The upper left position is filled by elite companies with high value products such as Hermès, Chanel, or Carlos Falchi.30 The lower right position is filled by companies producing cheap but shoddy products or services. A company can succeed in either of those two positions, but they require very special types of managerial thinking. Elite companies typically focus on market niches, while shoddy product companies do not expect much repeat business.
The Strategic Themes Matrix clearly shows the two main factors driving business success: perceived customer value and cost. These same themes have been identified and discussed by numerous highly regarded management thinkers such as Michael Porter, Peter Drucker, Al Reiss, and Frederick Reicheld. When such diverse thinkers agree, that is a signal that the idea is significant.

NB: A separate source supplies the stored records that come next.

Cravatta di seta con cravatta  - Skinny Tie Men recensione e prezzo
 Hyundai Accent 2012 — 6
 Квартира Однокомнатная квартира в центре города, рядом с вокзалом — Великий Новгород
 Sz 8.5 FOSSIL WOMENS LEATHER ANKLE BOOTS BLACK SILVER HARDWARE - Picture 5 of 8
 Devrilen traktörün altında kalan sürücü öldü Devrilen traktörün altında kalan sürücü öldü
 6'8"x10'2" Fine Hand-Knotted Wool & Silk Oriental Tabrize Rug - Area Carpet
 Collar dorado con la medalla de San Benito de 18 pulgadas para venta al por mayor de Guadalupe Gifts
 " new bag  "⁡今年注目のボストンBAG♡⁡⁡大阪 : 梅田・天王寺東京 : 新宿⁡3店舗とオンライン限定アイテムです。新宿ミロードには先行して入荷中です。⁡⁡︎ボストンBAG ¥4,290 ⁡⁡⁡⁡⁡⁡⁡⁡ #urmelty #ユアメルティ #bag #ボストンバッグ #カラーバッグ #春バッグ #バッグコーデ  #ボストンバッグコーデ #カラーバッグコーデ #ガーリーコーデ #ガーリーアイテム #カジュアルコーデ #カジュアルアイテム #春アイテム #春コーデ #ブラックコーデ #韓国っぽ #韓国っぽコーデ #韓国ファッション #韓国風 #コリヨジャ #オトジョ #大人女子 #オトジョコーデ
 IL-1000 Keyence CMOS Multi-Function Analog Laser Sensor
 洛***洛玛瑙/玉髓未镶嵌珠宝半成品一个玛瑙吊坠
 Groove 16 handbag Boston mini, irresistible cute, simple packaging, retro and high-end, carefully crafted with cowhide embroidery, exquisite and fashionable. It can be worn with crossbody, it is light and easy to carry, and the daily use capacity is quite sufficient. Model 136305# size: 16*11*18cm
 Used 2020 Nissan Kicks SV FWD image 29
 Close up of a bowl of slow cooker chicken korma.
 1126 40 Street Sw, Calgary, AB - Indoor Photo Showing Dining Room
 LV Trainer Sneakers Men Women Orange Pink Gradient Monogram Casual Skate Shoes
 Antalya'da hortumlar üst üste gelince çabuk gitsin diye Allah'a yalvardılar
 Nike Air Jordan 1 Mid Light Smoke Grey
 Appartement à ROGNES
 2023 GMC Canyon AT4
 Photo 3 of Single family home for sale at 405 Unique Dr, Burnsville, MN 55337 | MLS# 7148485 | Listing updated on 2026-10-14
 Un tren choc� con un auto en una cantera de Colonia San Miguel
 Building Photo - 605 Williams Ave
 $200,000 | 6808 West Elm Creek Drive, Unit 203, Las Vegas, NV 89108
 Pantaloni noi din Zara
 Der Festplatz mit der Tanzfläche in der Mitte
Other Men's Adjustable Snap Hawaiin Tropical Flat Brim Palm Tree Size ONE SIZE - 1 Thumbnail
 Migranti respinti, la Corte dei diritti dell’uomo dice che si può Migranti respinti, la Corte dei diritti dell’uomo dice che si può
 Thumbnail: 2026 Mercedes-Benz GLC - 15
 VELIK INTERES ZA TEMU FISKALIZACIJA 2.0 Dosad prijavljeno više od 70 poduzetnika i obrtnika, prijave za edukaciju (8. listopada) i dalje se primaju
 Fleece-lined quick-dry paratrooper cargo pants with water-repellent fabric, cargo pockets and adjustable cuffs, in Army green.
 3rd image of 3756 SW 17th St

The importance of perceived customer value and cost in determining financial performance has also been validated by several diverse empirical studies over many years. (See Exhibit 1.6.) Different researchers such as Jim Gregory of CoreBrand, Stuart Agres of Young and Rubicam, and Robert Buzzell and Brad Gale of the PIMS Project, and professors including David Aaker, Robert Jacobson, Dominique Hanssens, and Natalie Mizik have all arrived at similar conclusions using different data bases—perceived value is clearly linked to measures of financial return.31
When an idea is supported both by well-known management gurus and by highly respected researchers, the idea is not only significant, but one that works and has been proved in practice.